GIVEN DATA:
§
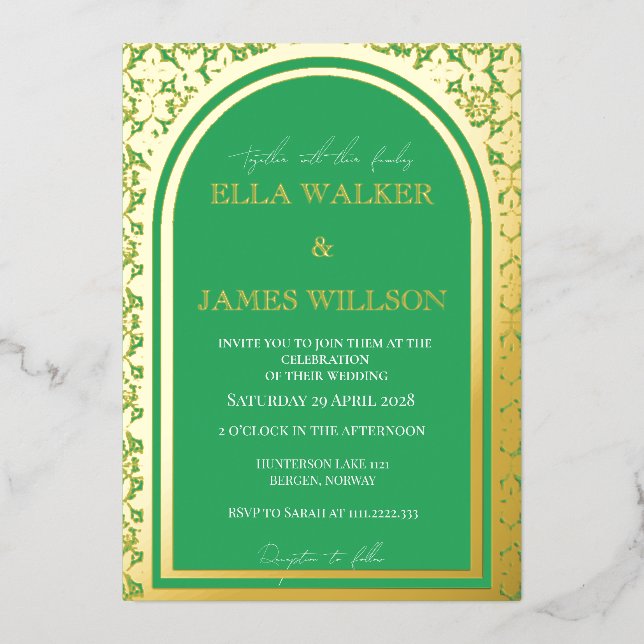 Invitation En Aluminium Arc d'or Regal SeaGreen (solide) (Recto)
§
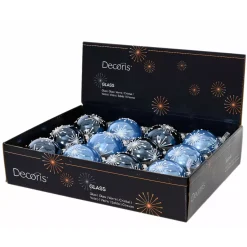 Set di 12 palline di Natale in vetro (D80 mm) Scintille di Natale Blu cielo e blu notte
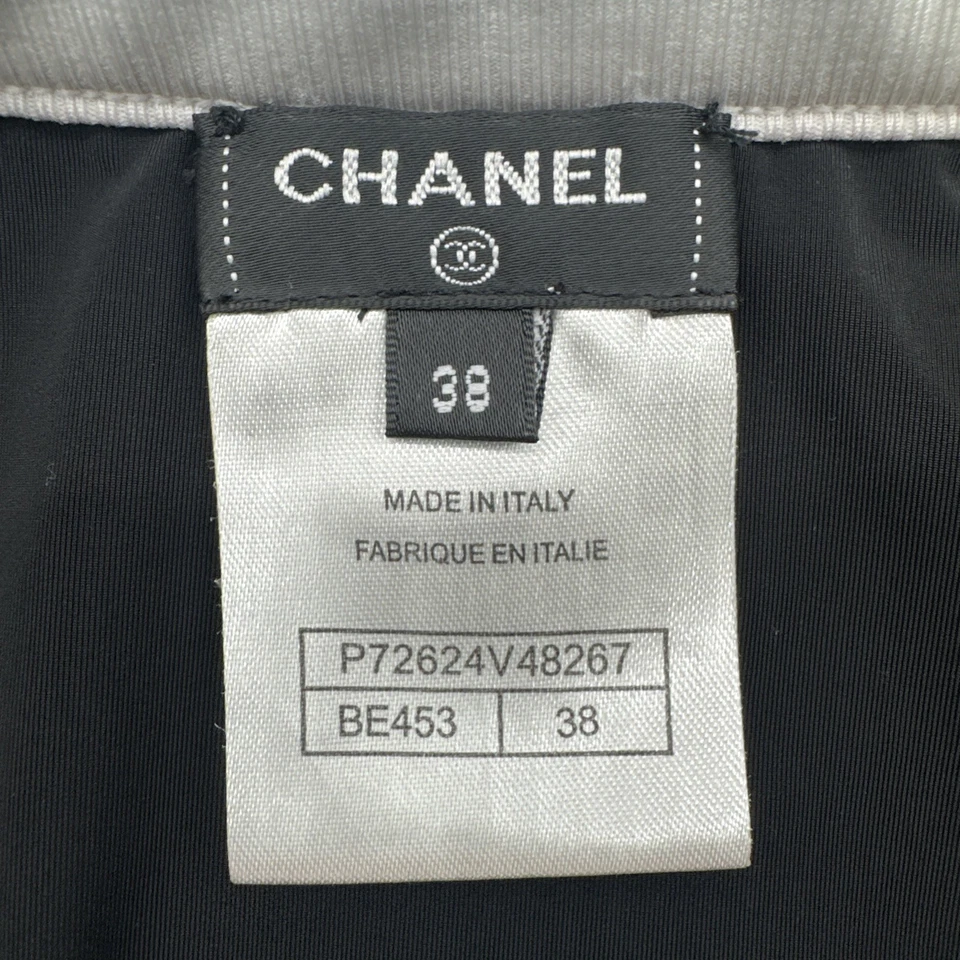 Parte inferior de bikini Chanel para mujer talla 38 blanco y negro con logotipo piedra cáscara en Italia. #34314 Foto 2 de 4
§
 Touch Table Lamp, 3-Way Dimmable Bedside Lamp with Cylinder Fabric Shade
§
PROBLEM DETAILS: From the data above, retype only the lines starting with the line with "Set di 12 palline" and going on through the line with "Parte inferior de", exactly, leaving out the pictures.

YOUR RESPONSE:
 Set di 12 palline di Natale in vetro (D80 mm) Scintille di Natale Blu cielo e blu notte
 Parte inferior de bikini Chanel para mujer talla 38 blanco y negro con logotipo piedra cáscara en Italia. #34314 Foto 2 de 4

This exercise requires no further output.